The task: Copy out the data from the line containing "Used 2023 Honda Odyssey Touring image 34" to its last line, exactly. No pictures.

Data block:
##########

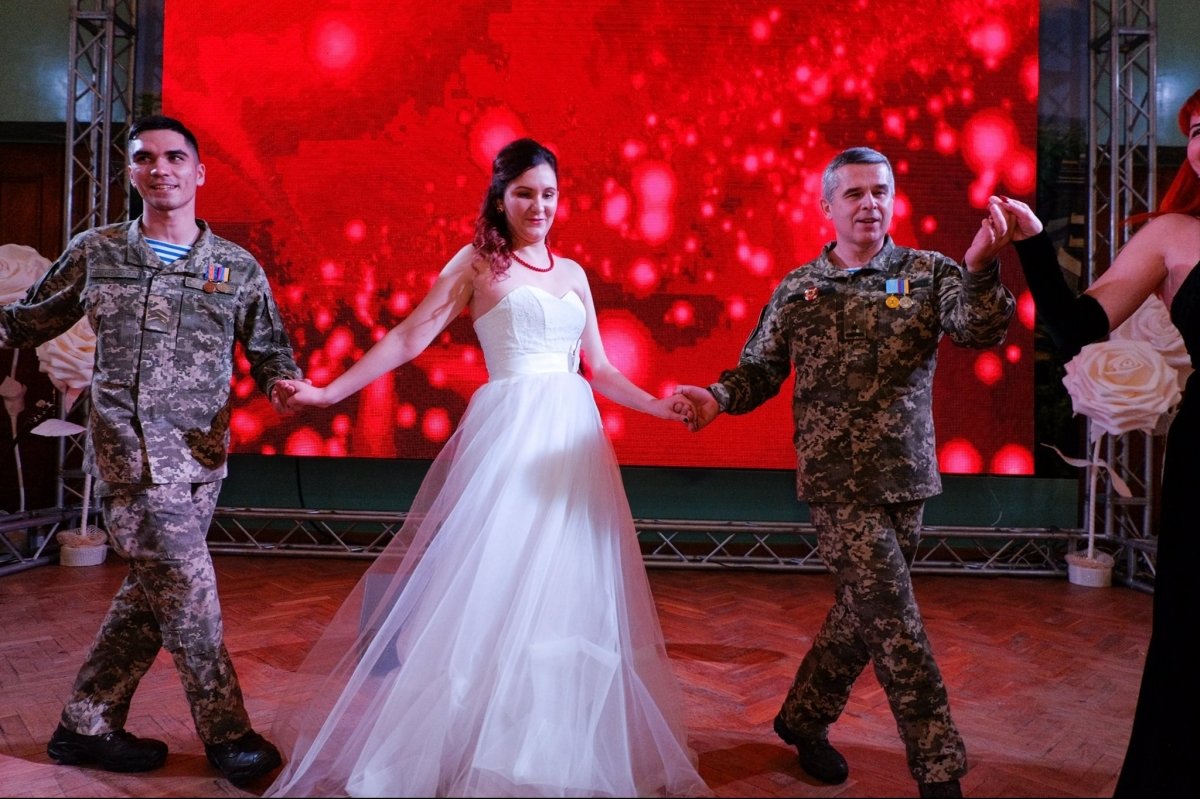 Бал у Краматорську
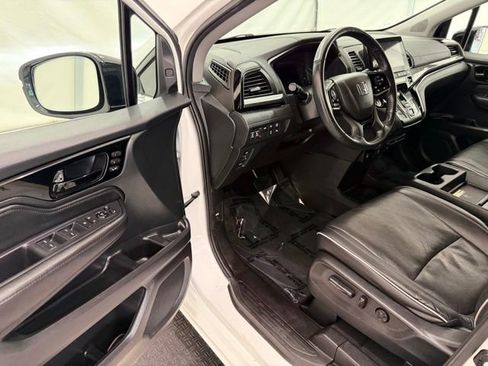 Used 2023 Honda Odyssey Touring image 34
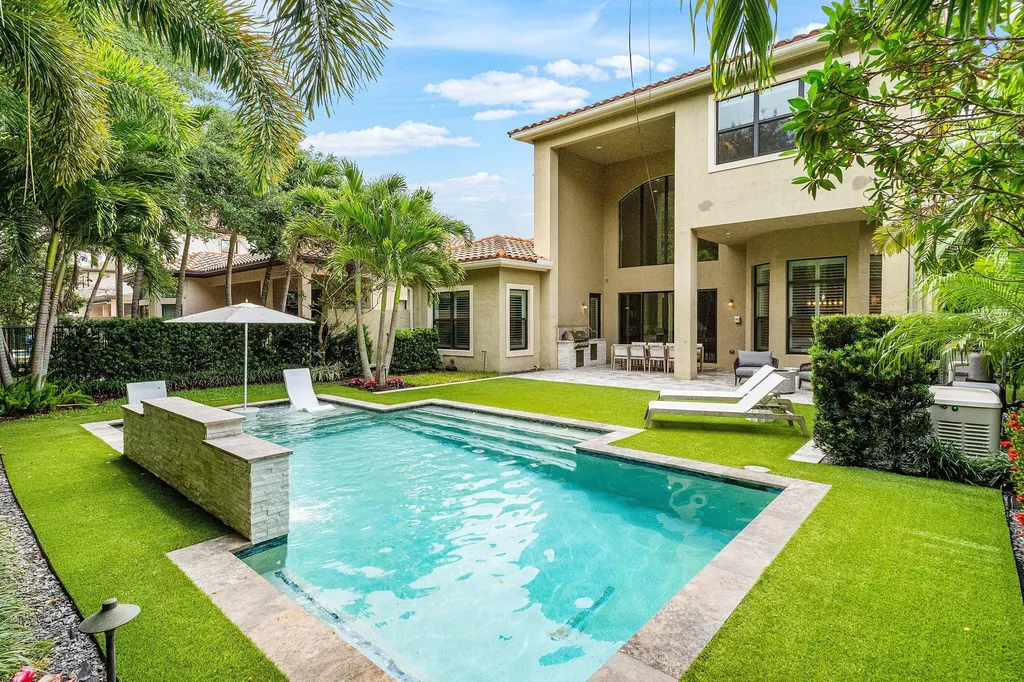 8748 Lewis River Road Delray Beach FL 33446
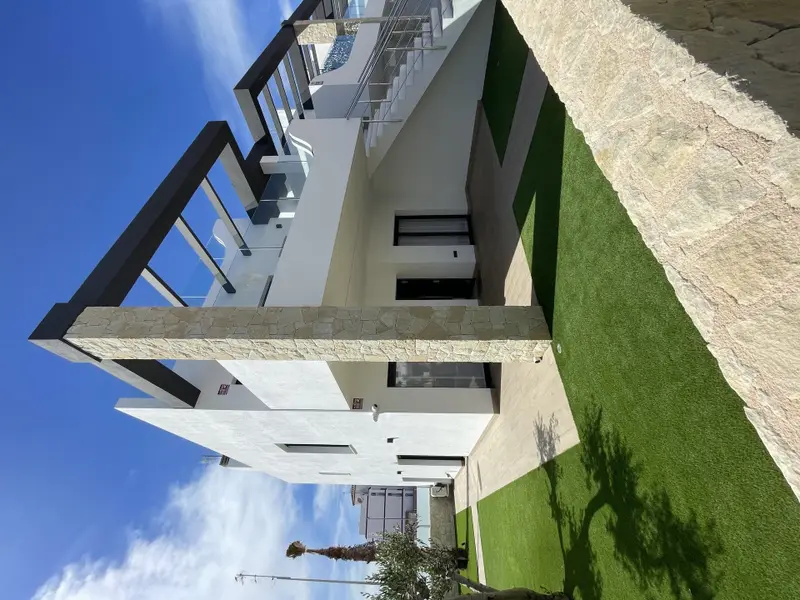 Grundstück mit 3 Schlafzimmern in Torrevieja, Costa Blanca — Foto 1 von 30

##########

Answer area:
 Used 2023 Honda Odyssey Touring image 34
 8748 Lewis River Road Delray Beach FL 33446
 Grundstück mit 3 Schlafzimmern in Torrevieja, Costa Blanca — Foto 1 von 30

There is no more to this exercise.